─── Information shown
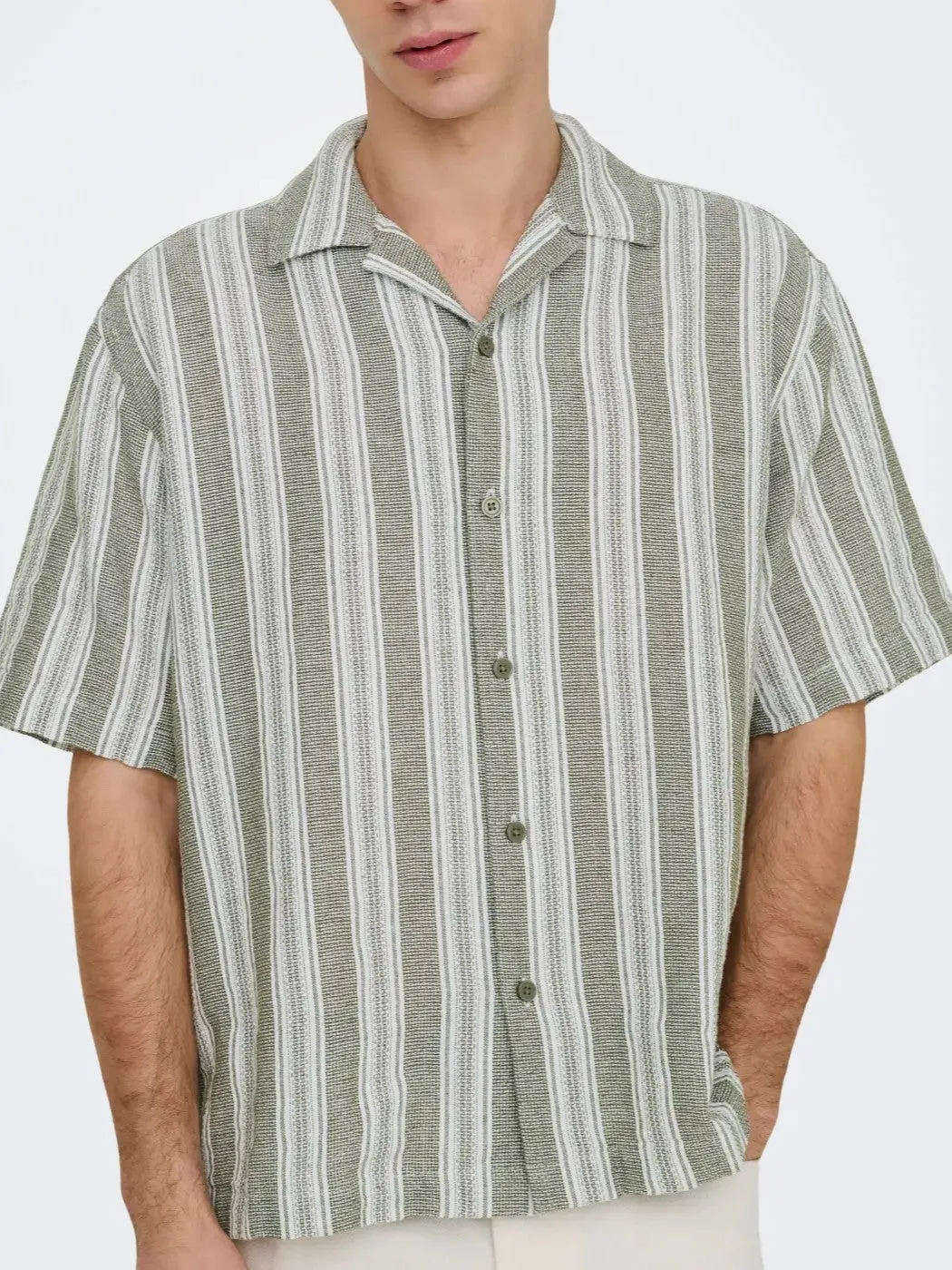 ONLY + SONS Walker Resort Button Up Shirt sold by 27 Boutique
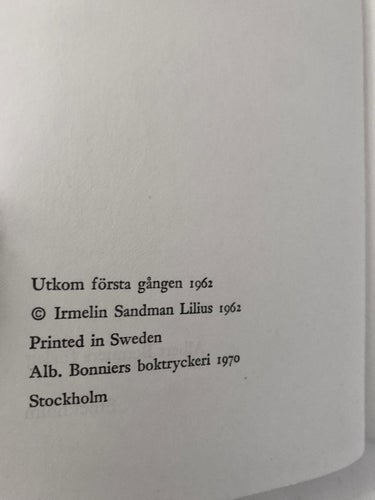 ENHÖRNINGEN Irmelin Sandman Lilius 1970
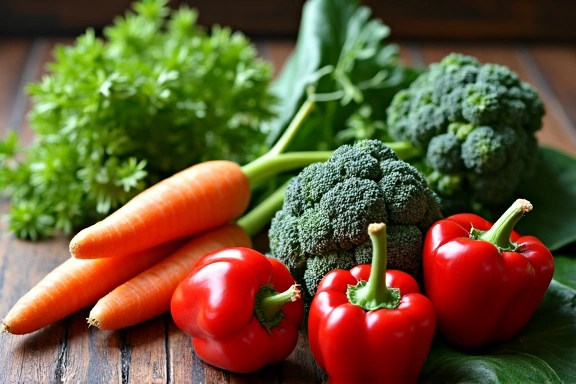 Un mix colorato di verdure fresche come broccoli, carote, peperoni e spinaci, disposti artisticamente.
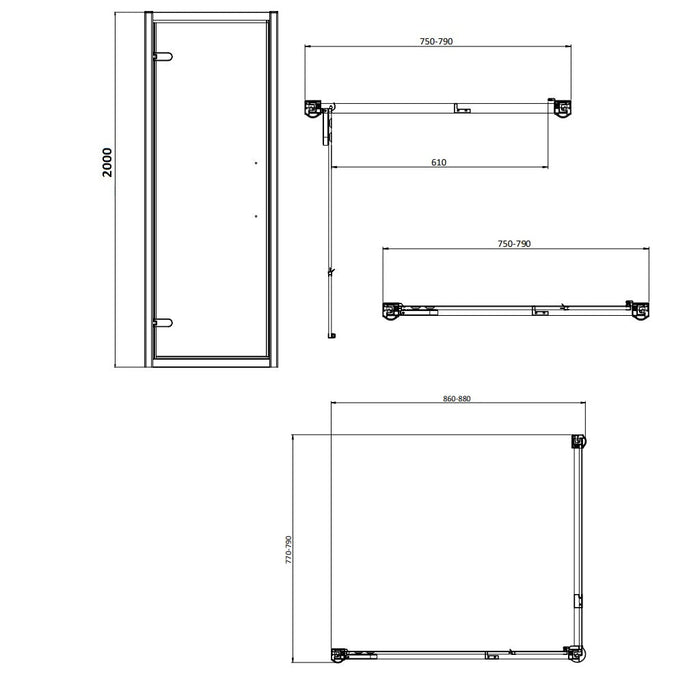 Burlington Classique Hinged Shower Door With Side Panel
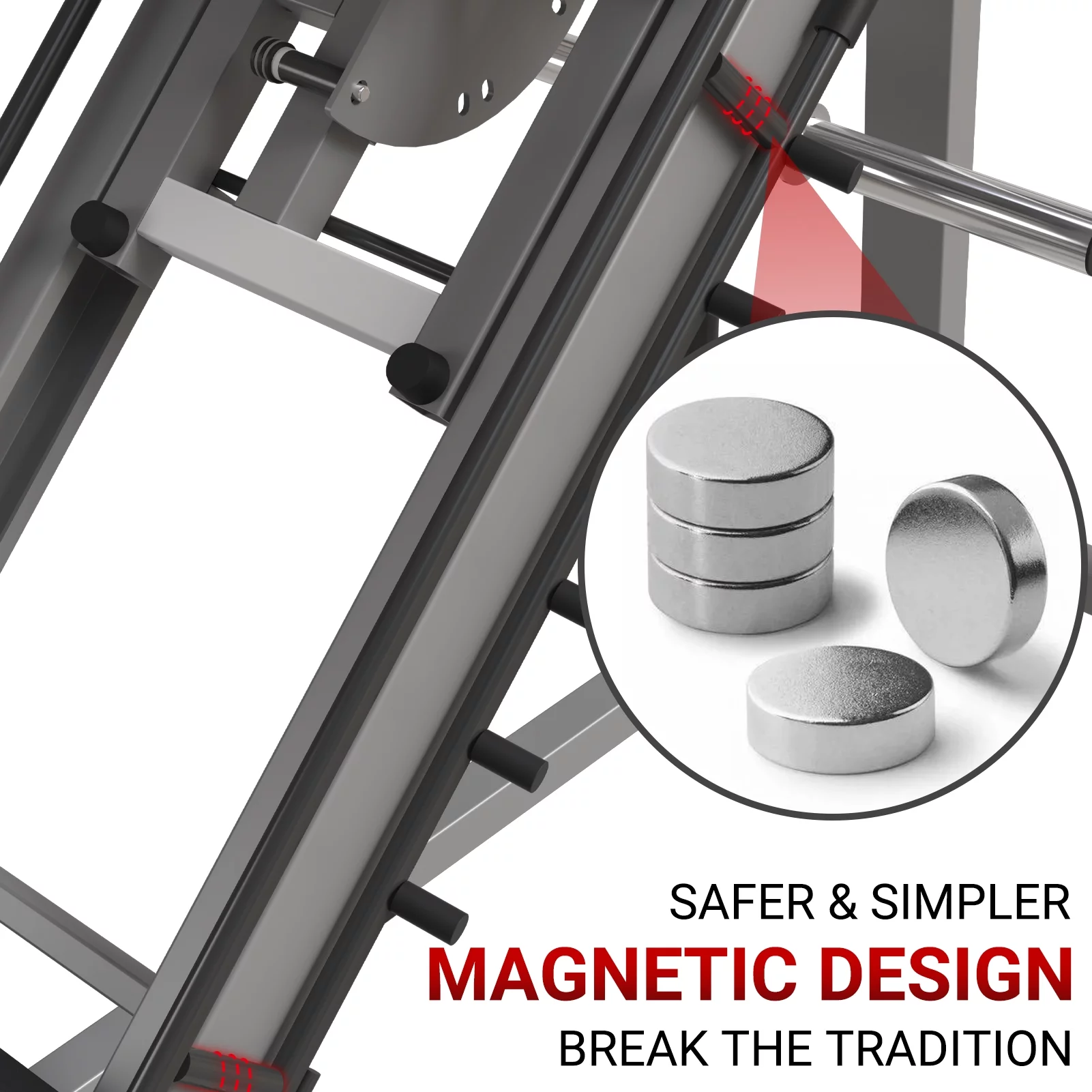 syedee Leg Press Hack Squat Machine, Leg Exercise Machine with Linear Bearing, Lower Body Special with Weight Storage for Quads, Hamstring, Glutes, Calves, Heavy Duty Home Gym Leg Day Equipment(Red) - Womvr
──────
■ **Task statement**
Reproduce every entry exactly, but omit each picture.

■ **Completed exercise**
 ONLY + SONS Walker Resort Button Up Shirt sold by 27 Boutique
 ENHÖRNINGEN Irmelin Sandman Lilius 1970
 Un mix colorato di verdure fresche come broccoli, carote, peperoni e spinaci, disposti artisticamente.
 Burlington Classique Hinged Shower Door With Side Panel
 syedee Leg Press Hack Squat Machine, Leg Exercise Machine with Linear Bearing, Lower Body Special with Weight Storage for Quads, Hamstring, Glutes, Calves, Heavy Duty Home Gym Leg Day Equipment(Red) - Womvr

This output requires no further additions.